Additionally, the commentary to the 1970 Amendment to Fed.R.Civ.P. 37 makes explicit the requirement of "willfulness" under federal spoliation analysis.
Rule 37 provides generally for sanctions against parties or persons unjustifiably resisting discovery.
* * * * * *
[Prior to the 1970 Amendments], Rule 37 sometimes refer[red] to a "failure" to afford discovery and at other times to a "refusal" to do so. Taking note of this dual terminology, courts have imported into "refusal" a requirement of "wilfullness." See Roth v. Paramount Pictures Corp., 8 F.R.D. 31 (W.D.Pa. 1948); Campbell v. Johnson, 101 F.Supp. 705, 707 (S.D.N.Y. 1951). In Societe Internationale v. Rogers, 357 U.S. 197, 78 S.Ct. 1087, 2 L.Ed.2d 1255 (1958), the Supreme Court concluded that the rather random use of these two terms in Rule 37 showed no design to use them with consistently distinctive meanings, that "refused" in Rule 37(b)(2) meant simply a failure to comply, and that wilfullness [sic] was relevant only to the selection of sanctions, if any, to be imposed. Nevertheless, after the decision in Societe, the court in Hinson v. Michigan Mutual Liability Co., 275 F.2d 537 (5th Cir. 1960) once again ruled that "refusal" required wilfullness. Substitution of "failure" for "refusal" throughout Rule 37 [was intended to] eliminate this confusion and bring the rule into harmony with the Societe Internationale decision. See Rosenberg, supra, 58 Col. L. Rev. 480, 489-490 (1958).
American fails both of these tests. It has not even alleged willfulness or bad faith (and the facts would not support such an allegation). Absent willfulness or bad faith, under Rule 37, the sanction of dismissal (or default judgment) is not appropriate.

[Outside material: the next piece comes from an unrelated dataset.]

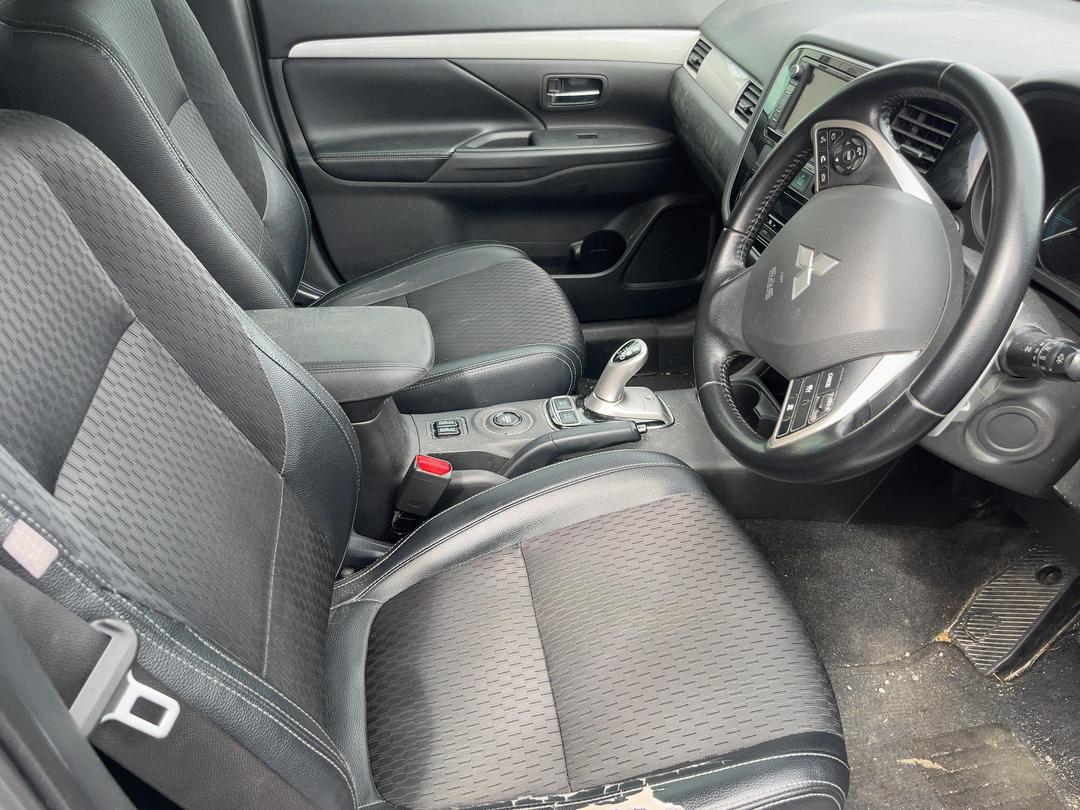 Photo '14' of Mitsubishi Outlander Phev Photo '14' of Mitsubishi Outlander Phev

See, Telectron, Inc. v. Overhead Door Corp., 116 F.R.D. 107, 131 (S.D.Fla. 1987) ("Before the ultimate sanction of default judgment may be entered, this Court must make the following findings: (1) that Defendant acted willfully or in bad faith; (2) that Plaintiff was prejudiced by Defendant's conduct; and (3) that lesser sanctions would not serve the punishment-and-deterrence goals set forth in National Hockey League and its progeny. These prerequisites have been developed as a means of ensuring the proper balance between the need to engender good-faith adherence to the rules of discovery, on the one hand, and a commitment to protecting the parties' constitutional and policy interests in a full and fair adjudication of their claims, on the other.")
Further, as stated supra, American has wholly failed to provide any evidence to counter Ladner's evidence that American's prejudice resulting from Ladner's loss of the bicycle fork does not preclude a determination of the cause of the fork's failure.
Therefore, the Motion to Dismiss is due to be, and is hereby, DENIED.
III. THE MOTION FOR ADDITIONAL TIME TO CONDUCT DISCOVERY
Ladner's response to American's Motion to Dismiss asks the court to deny the Motion and alternatively moves for additional time to conduct discovery. Given the passage of time since the Motion to Dismiss was filed, the fact that discovery was never stayed in this action, and the court's denial, supra, of American's Motion to Dismiss, the Motion for Additional Time to Conduct Discovery (doc. 14) is DENIED as MOOT.